EXERCISE DIRECTIONS - After locating the line with "Large group of" below, output it and each following line exactly, stopping after the line with "Aerial view of". No pictures.

SUPPLIED INFORMATION -
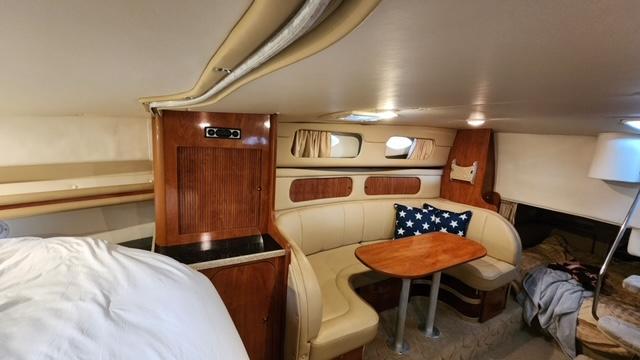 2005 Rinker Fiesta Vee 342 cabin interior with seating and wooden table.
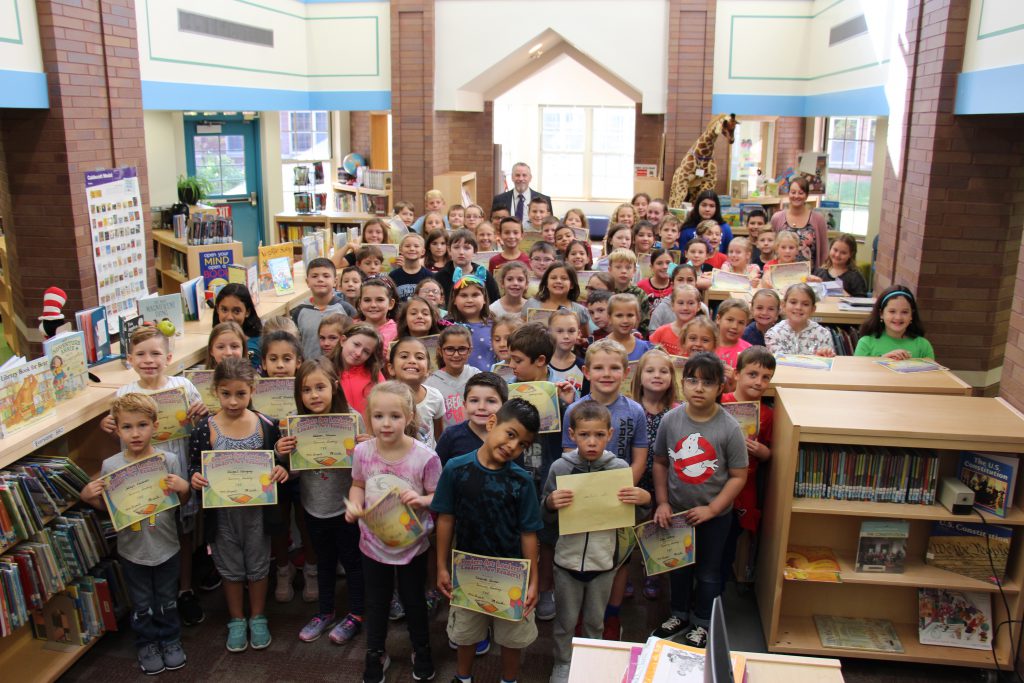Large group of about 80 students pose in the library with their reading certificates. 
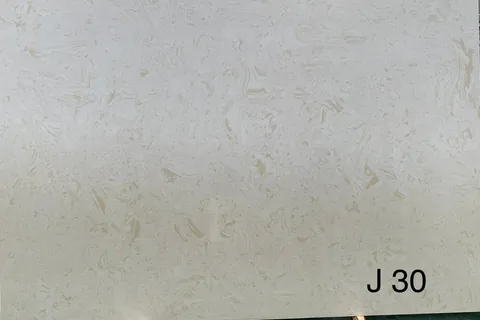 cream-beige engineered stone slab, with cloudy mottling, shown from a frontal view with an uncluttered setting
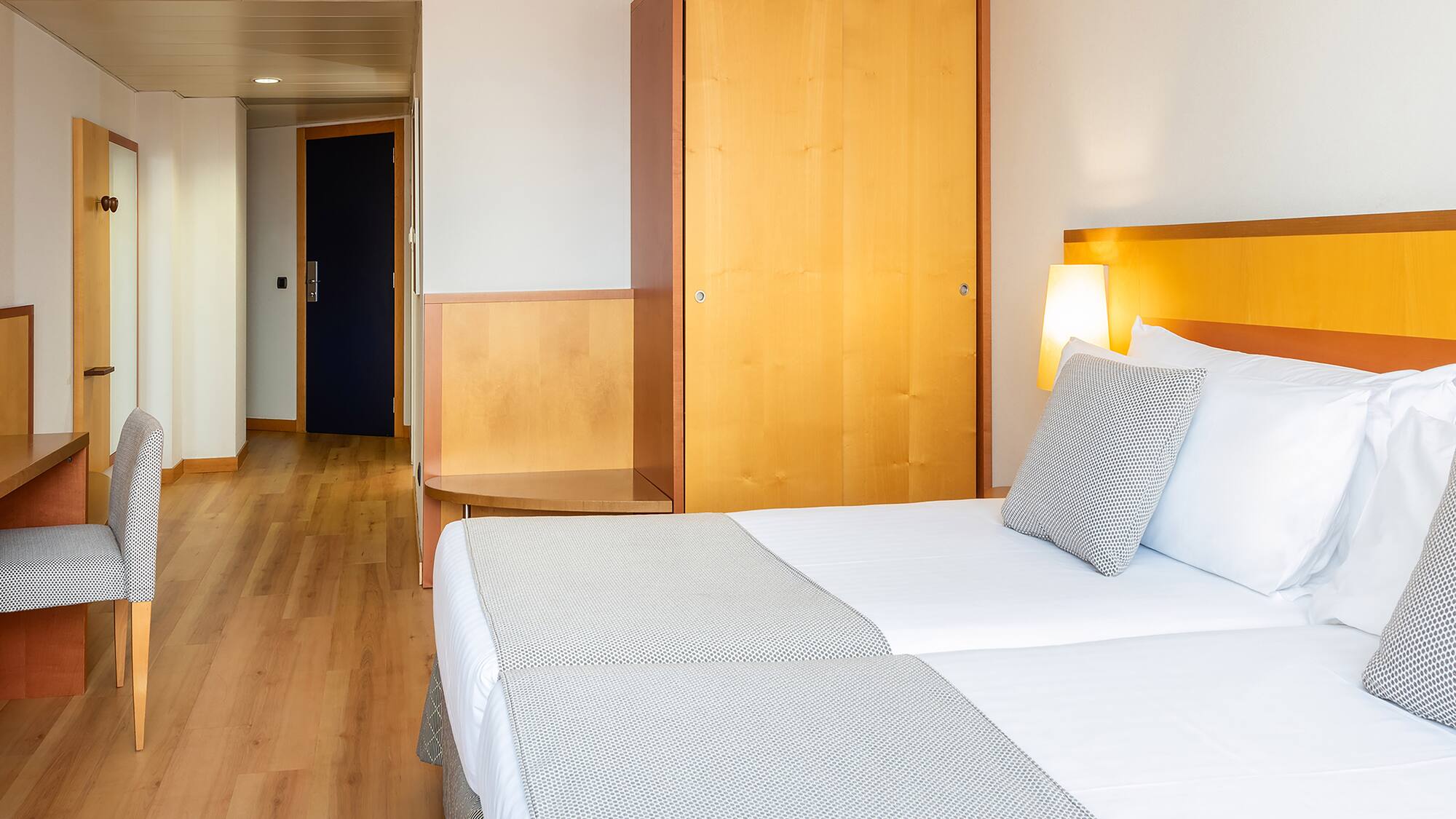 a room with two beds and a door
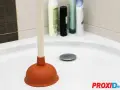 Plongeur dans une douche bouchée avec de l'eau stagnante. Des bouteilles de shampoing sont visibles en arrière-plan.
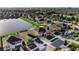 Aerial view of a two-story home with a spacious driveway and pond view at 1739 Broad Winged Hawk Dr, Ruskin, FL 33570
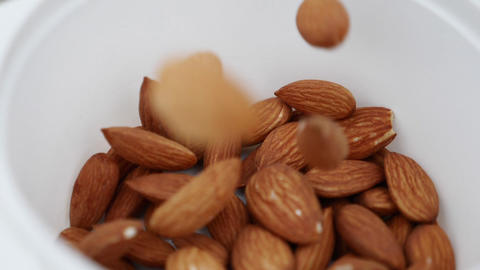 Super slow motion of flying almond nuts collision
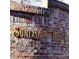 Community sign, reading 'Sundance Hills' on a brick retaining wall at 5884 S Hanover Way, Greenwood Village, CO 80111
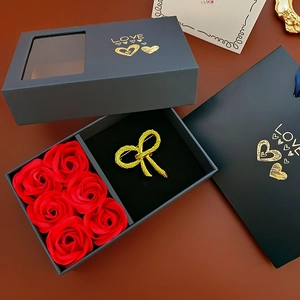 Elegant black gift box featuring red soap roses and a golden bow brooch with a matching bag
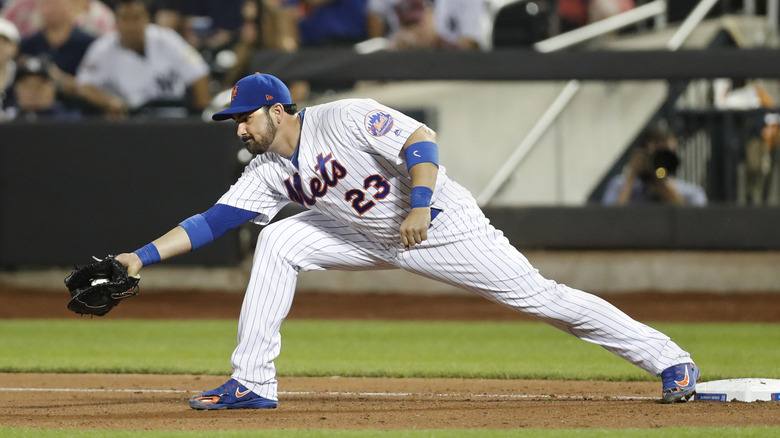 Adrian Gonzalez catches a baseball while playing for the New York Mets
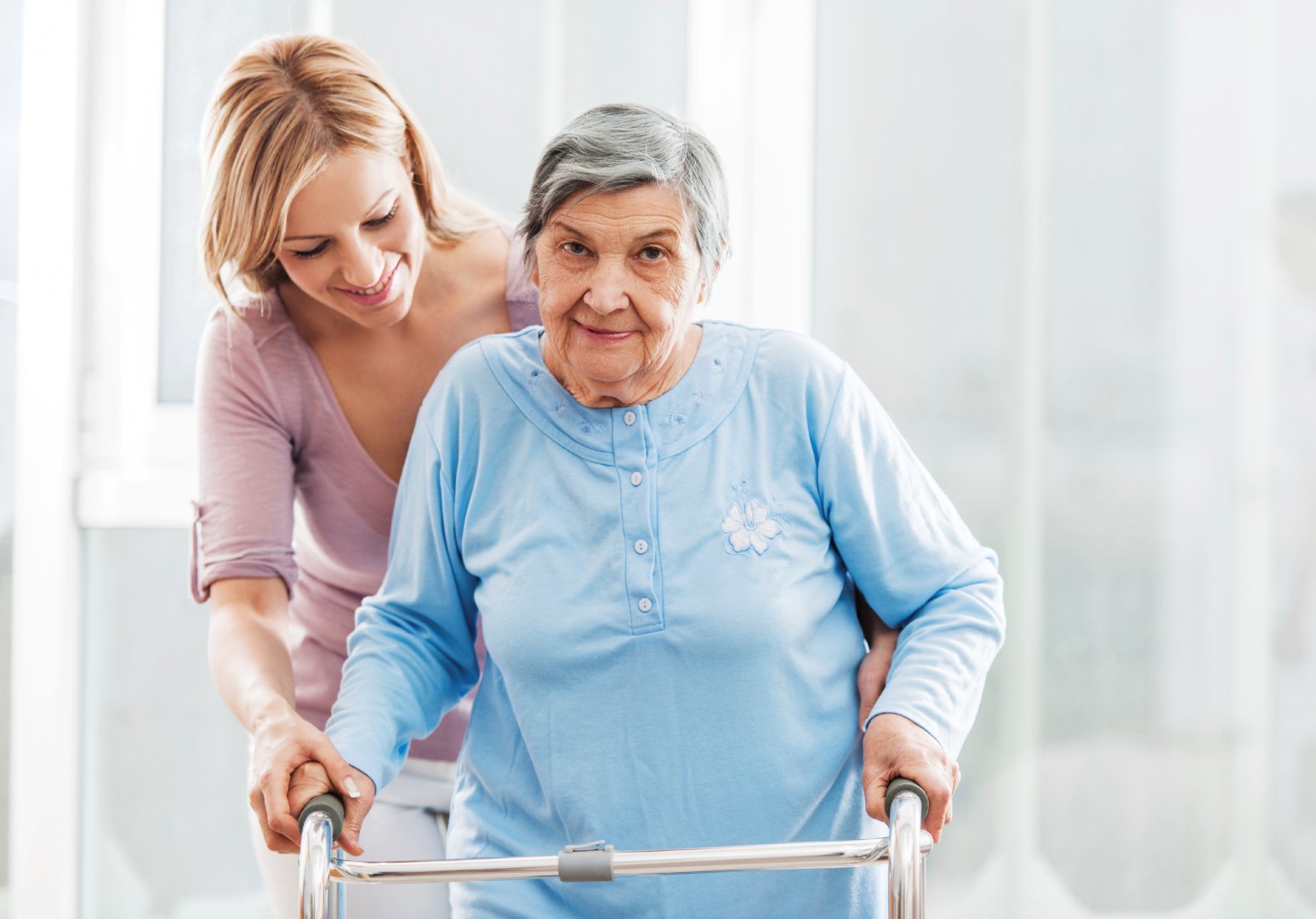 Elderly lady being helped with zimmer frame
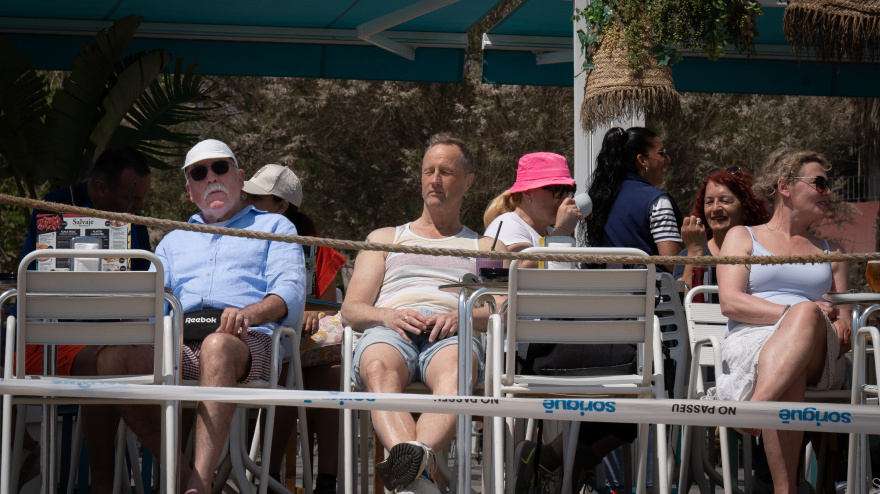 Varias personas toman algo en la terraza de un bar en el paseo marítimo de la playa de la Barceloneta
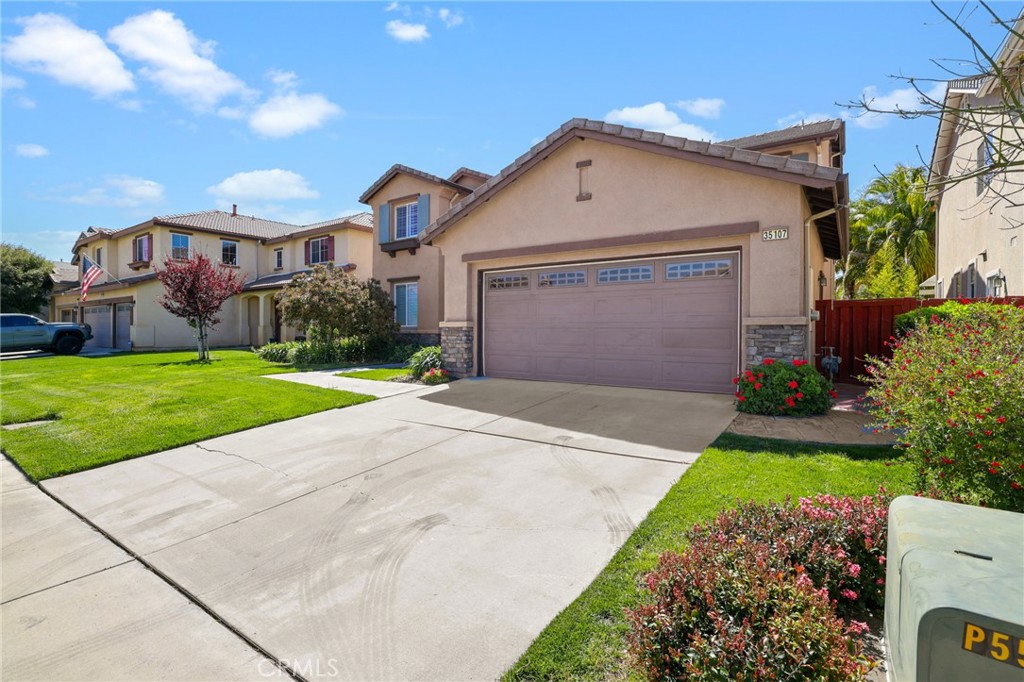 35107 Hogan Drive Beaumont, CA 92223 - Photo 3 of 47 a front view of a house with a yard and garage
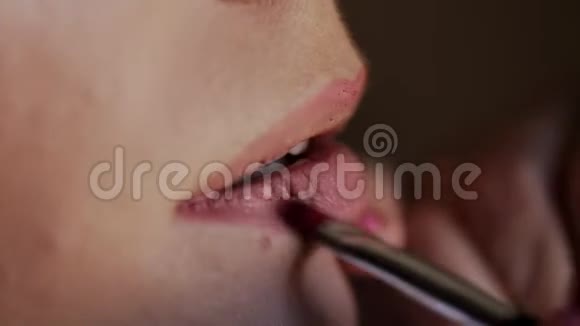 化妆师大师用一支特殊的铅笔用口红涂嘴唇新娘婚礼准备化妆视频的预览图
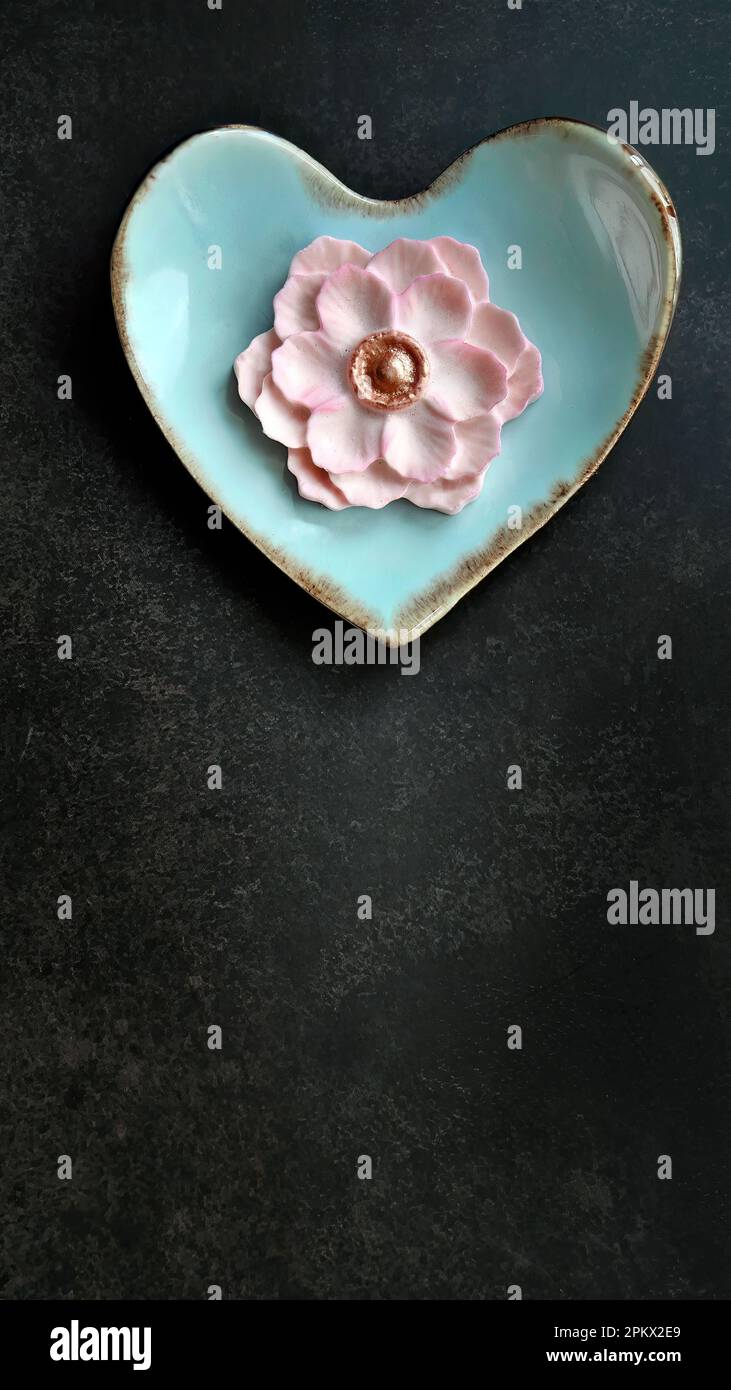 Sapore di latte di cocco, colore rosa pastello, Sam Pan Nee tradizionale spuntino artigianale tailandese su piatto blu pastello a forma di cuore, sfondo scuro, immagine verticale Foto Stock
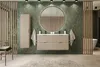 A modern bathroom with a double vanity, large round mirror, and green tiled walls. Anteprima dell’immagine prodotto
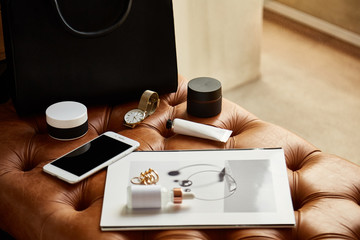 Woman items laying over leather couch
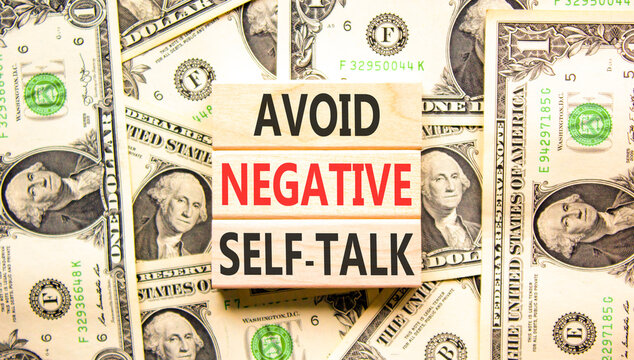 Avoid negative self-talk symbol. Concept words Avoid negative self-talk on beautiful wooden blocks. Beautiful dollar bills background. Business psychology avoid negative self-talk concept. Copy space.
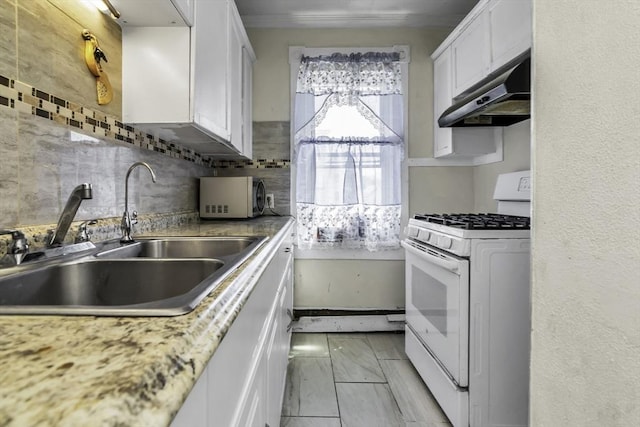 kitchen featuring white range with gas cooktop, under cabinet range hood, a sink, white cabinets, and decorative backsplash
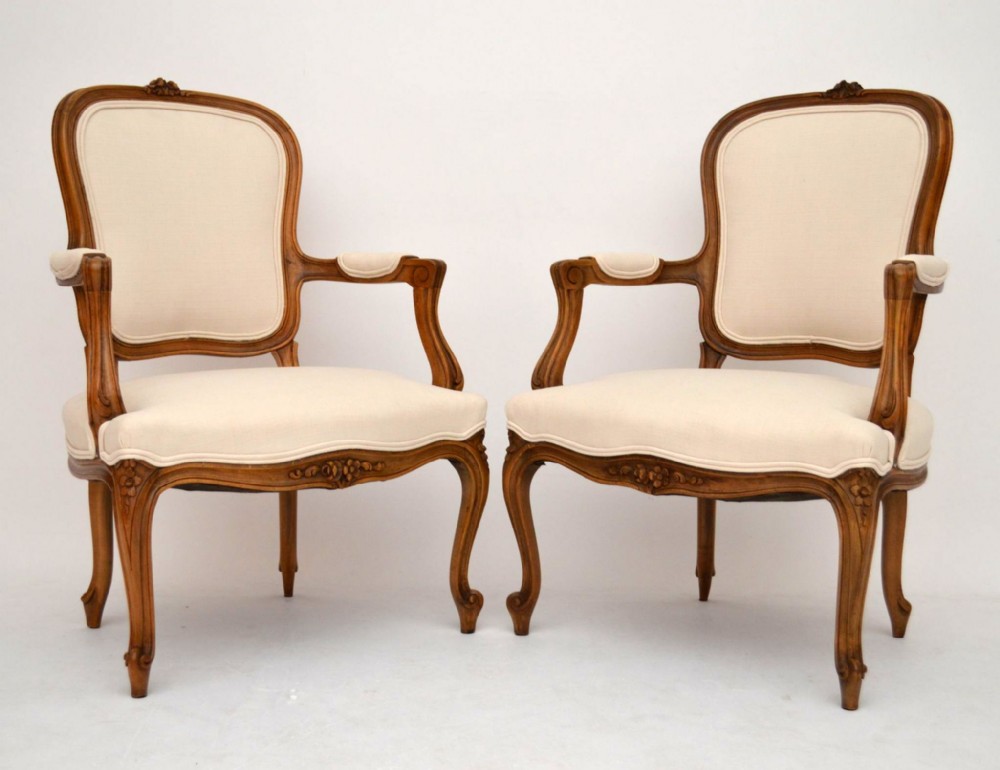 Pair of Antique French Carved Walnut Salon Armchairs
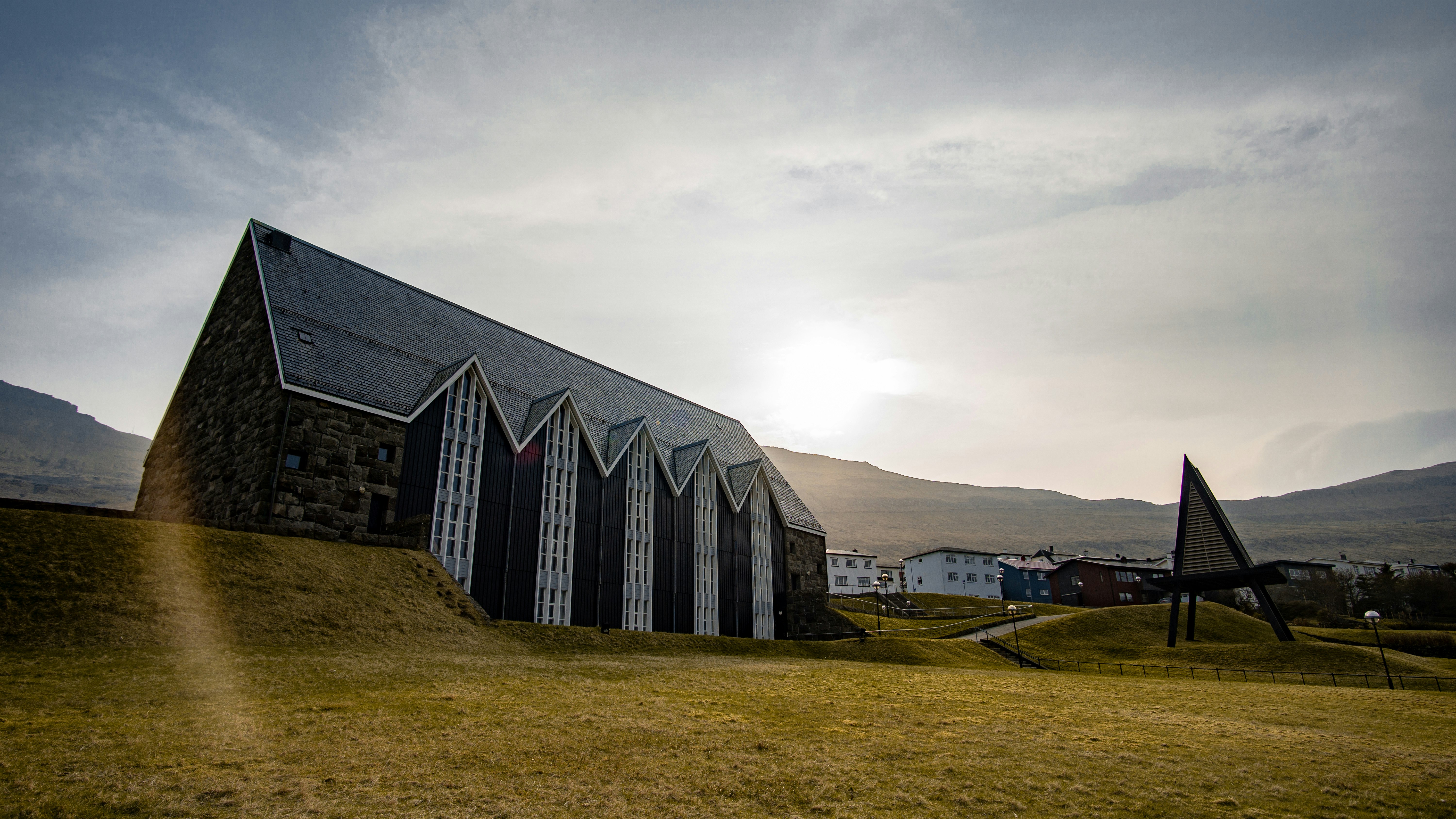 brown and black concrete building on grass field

SOLUTION -
Large group of about 80 students pose in the library with their reading certificates. 
 cream-beige engineered stone slab, with cloudy mottling, shown from a frontal view with an uncluttered setting
 a room with two beds and a door
 Plongeur dans une douche bouchée avec de l'eau stagnante. Des bouteilles de shampoing sont visibles en arrière-plan.
 Aerial view of a two-story home with a spacious driveway and pond view at 1739 Broad Winged Hawk Dr, Ruskin, FL 33570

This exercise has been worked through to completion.